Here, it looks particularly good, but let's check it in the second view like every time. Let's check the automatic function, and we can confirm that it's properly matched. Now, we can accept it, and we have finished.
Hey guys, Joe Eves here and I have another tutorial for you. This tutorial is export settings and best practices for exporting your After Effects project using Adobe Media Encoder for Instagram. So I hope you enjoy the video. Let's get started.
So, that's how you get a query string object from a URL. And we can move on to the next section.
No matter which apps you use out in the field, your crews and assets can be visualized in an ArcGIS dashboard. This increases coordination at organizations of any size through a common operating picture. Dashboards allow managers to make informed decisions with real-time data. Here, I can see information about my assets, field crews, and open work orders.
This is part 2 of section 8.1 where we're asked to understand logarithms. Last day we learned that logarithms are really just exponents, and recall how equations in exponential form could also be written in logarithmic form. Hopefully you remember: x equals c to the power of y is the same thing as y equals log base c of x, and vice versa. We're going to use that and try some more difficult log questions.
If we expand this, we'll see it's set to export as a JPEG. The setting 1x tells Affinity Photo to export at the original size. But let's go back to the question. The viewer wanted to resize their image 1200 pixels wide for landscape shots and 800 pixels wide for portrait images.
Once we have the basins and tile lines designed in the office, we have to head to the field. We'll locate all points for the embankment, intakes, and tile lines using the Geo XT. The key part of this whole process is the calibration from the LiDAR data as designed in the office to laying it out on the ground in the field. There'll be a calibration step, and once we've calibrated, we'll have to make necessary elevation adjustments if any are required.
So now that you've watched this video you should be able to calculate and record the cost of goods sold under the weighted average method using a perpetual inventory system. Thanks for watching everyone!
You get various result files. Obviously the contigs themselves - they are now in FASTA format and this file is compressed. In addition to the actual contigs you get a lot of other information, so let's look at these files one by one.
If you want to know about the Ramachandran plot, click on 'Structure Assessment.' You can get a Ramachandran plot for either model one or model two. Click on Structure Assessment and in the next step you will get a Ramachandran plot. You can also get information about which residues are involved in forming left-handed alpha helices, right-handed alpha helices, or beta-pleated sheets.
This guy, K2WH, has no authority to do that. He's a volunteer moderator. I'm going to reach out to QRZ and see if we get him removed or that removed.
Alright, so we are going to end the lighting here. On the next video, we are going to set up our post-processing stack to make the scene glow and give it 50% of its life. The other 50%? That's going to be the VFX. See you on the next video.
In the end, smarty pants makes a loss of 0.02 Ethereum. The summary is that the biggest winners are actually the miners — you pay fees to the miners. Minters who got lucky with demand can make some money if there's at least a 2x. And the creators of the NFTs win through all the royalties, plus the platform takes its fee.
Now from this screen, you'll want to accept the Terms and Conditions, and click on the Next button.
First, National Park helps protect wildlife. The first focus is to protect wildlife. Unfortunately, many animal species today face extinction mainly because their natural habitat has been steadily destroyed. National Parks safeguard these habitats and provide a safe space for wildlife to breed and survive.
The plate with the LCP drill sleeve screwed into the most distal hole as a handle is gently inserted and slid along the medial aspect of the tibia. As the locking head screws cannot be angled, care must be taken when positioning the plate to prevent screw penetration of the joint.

TASK OBJECTIVE: Search the data for "through". Copy every line that has it.

RESPONSE FOR THIS EXERCISE:
No matter which apps you use out in the field, your crews and assets can be visualized in an ArcGIS dashboard. This increases coordination at organizations of any size through a common operating picture. Dashboards allow managers to make informed decisions with real-time data. Here, I can see information about my assets, field crews, and open work orders.
In the end, smarty pants makes a loss of 0.02 Ethereum. The summary is that the biggest winners are actually the miners — you pay fees to the miners. Minters who got lucky with demand can make some money if there's at least a 2x. And the creators of the NFTs win through all the royalties, plus the platform takes its fee.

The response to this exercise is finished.